The Ninth Circuit Finally Returned To Cemex… And Punted

by | Apr 22, 2026 | Cemex Decision, Courts, Federal, Labor Relations Ink, Labor Relations Insight, Legal, News, NLRB, Trending

The time finally arrived for the Ninth Circuit to weigh in on the Biden Board’s most aggressive standard. They punted. Yet before we discuss the appeals court’s ruling in Cemex Construction Materials Pacific, LLC v. NLRB, we need to retrace how that standard emerged and the fallout.

The Procedural Path Of A Disruptive Standard

In 2023, the Abruzzo Board’s Cemex decision repudiated the Supreme Court’s 1969 Gissel ruling, putting businesses at risk of a bargaining order over a single ULP charge, even in cases where unions lost an election. At that time, our own Phil Wilson called the Board’s move “a ‘prior restraint’ on employer speech.” Indeed, the Cemex framework sharply contrasts with the Gissel standard, which favor issuing bargaining orders only for extreme employer conduct.

Naturally, multiple court disputes have followed. In March 2026, the Sixth Circuit declined to enforce a Cemex bargaining order in Brown-Forman Corporation v. NLRB and remanded the case for review at the NLRB. Although those judges agreed with the Board’s fact finding regarding ULPs, the Sixth Circuit judges seemed “leery” of using Cemex in a case involving a whiskey-maker’s conduct during a Teamsters election. Ultimately, the court determined that the Board “exceeded its adjudicatory authority” and remanded the case for review at the NLRB.

More recently in St.
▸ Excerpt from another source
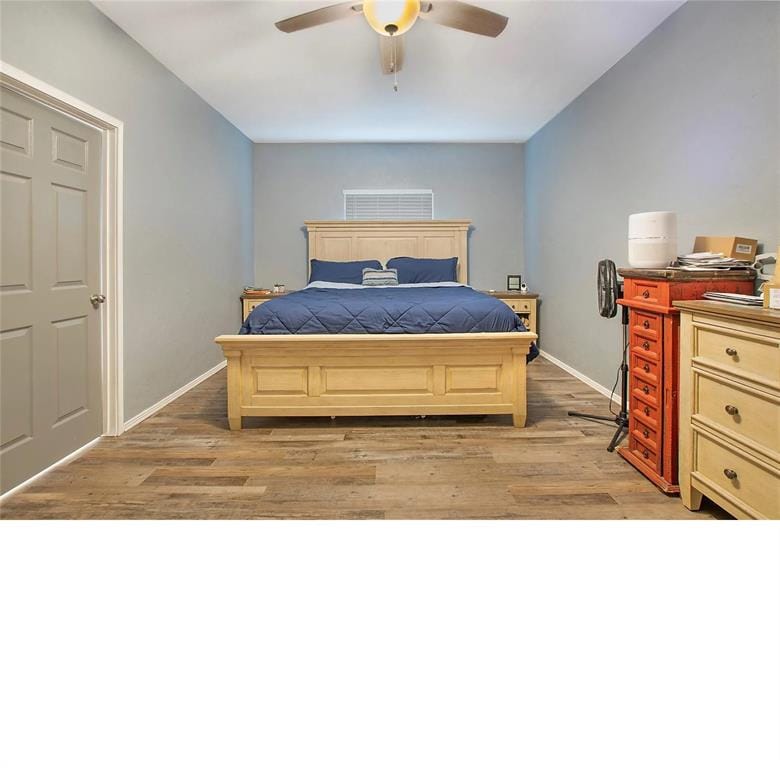 166 Indian Gap Road, Mabank TX 75156 - Photo 21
John’s College, the Board determined that Cemex’s timeliness rule does not apply to RM petitions, a procedural carve-out that benefits employers seeking to test majority status.

It would seem that more Cemex dominoes were poised to fall, but that didn’t happen with the Ninth Circuit, which handled the employer’s appeal of the pivotal NLRB decision.

Cemex Construction Materials Pacific, LLC v. NLRB

In Oct. 2024, the Ninth Circuit heard oral arguments in this case (also involving an election lost by the Teamsters) and took no further action until this week, when the Ninth Circuit sidestepped the Cemex doctrine and affirmed the Board’s bargaining order under Gissel.

This ruling is “not surprising,” declared Wilson, but “disappointing because the majority completely glosses over both the argument from the dissent and the opportunity to address the recent decision in Brown-Forman.”

Wilson called Judge Richard Clifton’s dissent “a great job of explaining why Cemex was so poorly reasoned in the first place.” The Board’s bargaining order, Wilson noted, rested on a factual finding that never appeared in the ALJ’s opinion. The Board “grabbed the word ‘slight’ out of context” to claim the ALJ had found the chances for a free and fair election were slim. That’s a conclusion that the ALJ explicitly rejected, which is why no bargaining order came out of the original proceeding.

Indeed, Judge Clifton declared that the Abruzzo Board “was prepared to change the rules and applied the new standard to the facts of this case retroactively in order to reach the same result that it had already reached.” Clifton would have preferred to remand to the Board. “Changing the rules in the middle of a game,” he wrote, “implied recognition that the goal could not properly be reached otherwise.”

Wilson also faulted the majority for failing to address the potential circuit conflict with Brown-Forman. “I’m hoping that there is a request for rehearing for this exact reason,” he said.

The Clean-Up To Come

Elsewhere, the D.C. Circuit has yet to rule on pending Cemex litigation in NP Red Rock LLC vs. NLRB with those judges signaling their willingness to apply Gissel rather than Cemex to issue a bargaining order in a case involving a Las Vegas casino.

As for where the current, employer-friendly NLRB stands, look for Cemex to be up for review after Board nominee James Macy is confirmed, which will give the Board a third vote to overturn precedent. Yet the timing of that process will depend on whether a suitable case reaches the Board.

Employers should know that Gissel bargaining orders remain a risk where ULPs occur during organizing campaigns, although re-run elections are the likelier remedy. If Cemex goes away entirely, that’s a net win for employer free speech.